Diesem Patentanspruch nachgeordnet sind die erteilten Patentansprüche 2 bis 15.
Die Patentabteilung 21 des Deutschen Patent- und Markenamtes hat nach Prüfung des Einspruchs das Patent mit Beschluss vom 13. Juli 2010 aufrechterhalten. Nach Prüfung des Einspruchs und einer Anhörung ist sie zu der Überzeugung gelangt, dass die erfindungsgemäße Ventileinrichtung gegenüber dem Stand der Technik patentfähig sei und hat dies im Einzelnen begründet.
2. Gegen diesen Beschluss richtet sich die Beschwerde der Einsprechenden. Erstmals mit der Beschwerdebegründung vom 20. Juli 2015 hat sie eine unzulässige Erweiterung der patentierten Ventileinrichtung gegenüber deren Ursprungsoffenbarung geltend gemacht.

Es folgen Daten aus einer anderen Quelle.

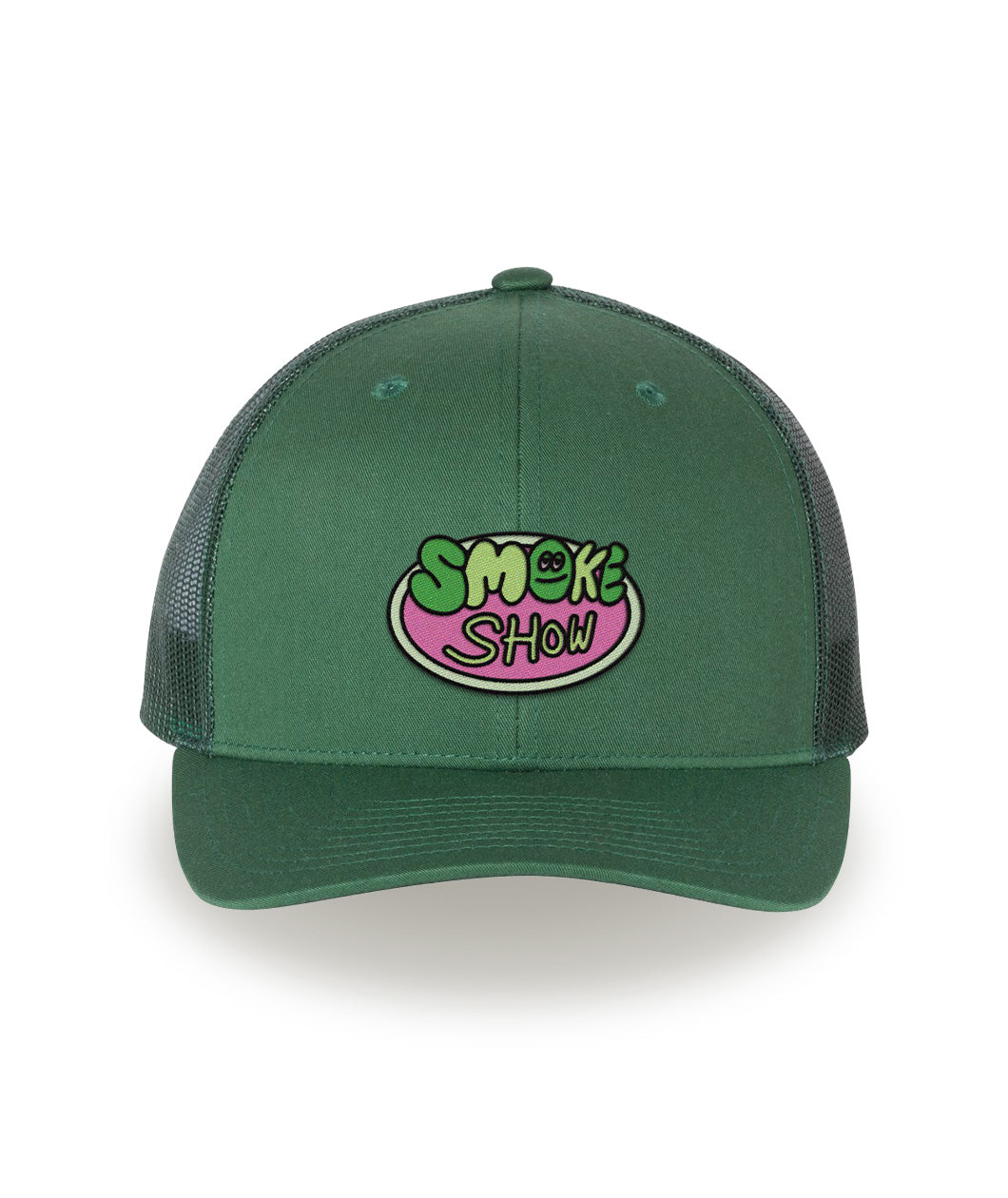 Smoke Show Grass Trucker Hat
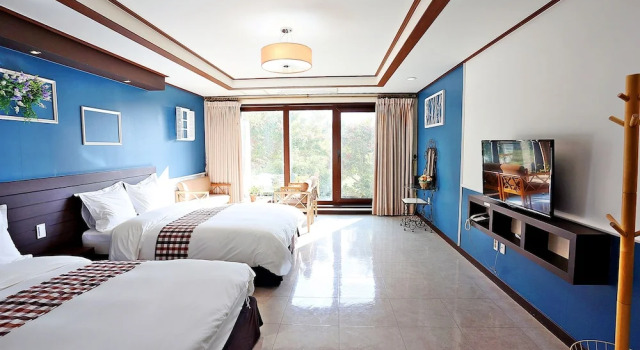 Двухместный номер Standard Famille Spa Resort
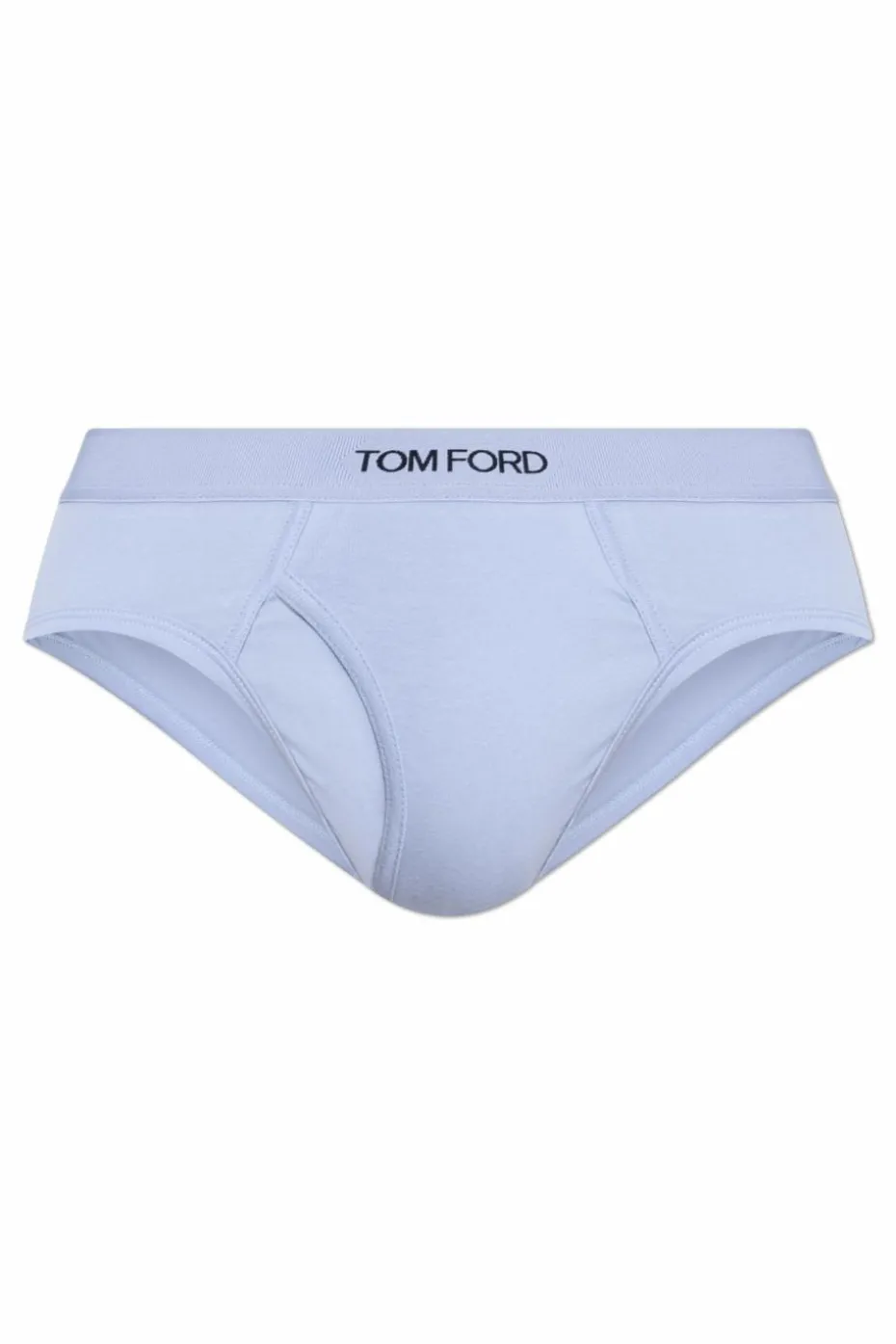 Tom Ford light blue Briefs with logo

Der entscheidende Senat des Bundespatentgerichts hat auf die mündliche Verhandlung vom 28. September 2015 den Beschluss der Patentabteilung 21 des Deutschen Patent- und Markenamtes aufgehoben und das Patent … widerrufen. Begründet hat der Senat die Entscheidung im Wesentlichen damit, dass die Einsprechende nicht gehindert sei, im Beschwerdeverfahren einen zusätzlichen Widerrufsgrund geltend zu machen. Die Rechtsprechung des Bundesgerichtshofs, wonach das Patentgericht im Beschwerdeverfahren nicht befugt sei, von Amts wegen zusätzliche Widerrufsgründe zu prüfen,
stehe dem nicht entgegen. Sie beruhe auf dem Grundsatz, dass der Gegenstand des Beschwerdeverfahrens allein durch den Beschwerdeführer bestimmt werden dürfe. Der Gegenstand des Patents gehe über den Inhalt der Anmeldung in der Fassung hinaus, in der sie bei der für die Einreichung der Anmeldung zuständigen Behörde ursprünglich eingereicht worden sei. Aus den Anmeldungsunterlagen gehe ausschließlich ein Bedienelement hervor, das in einer Mehrzahl von Stellungen einrastbar sei und dessen Entriegelungsvorrichtung folglich dafür ausgebildet sei, die Rastwirkung der Arretiervorrichtung aus einer Mehrzahl von Raststellungen aufzuheben. Insoweit definiere der ursprüngliche Patentanspruch 1 ein Bedienelement, das „in vorbestimmten Stellungen“ einrastbar sei. Damit übereinstimmend offenbarten sämtliche Ausführungsbeispiele betreffend ein rastbares Bedienelement neben einer Einrastbarkeit in der Senken-Stellung immer auch eine Einrastbarkeit in mehreren, nämlich vier weiteren Stellungen (Heben, Stopp nach dem Heben, Fahrt und Stopp nach dem Senken).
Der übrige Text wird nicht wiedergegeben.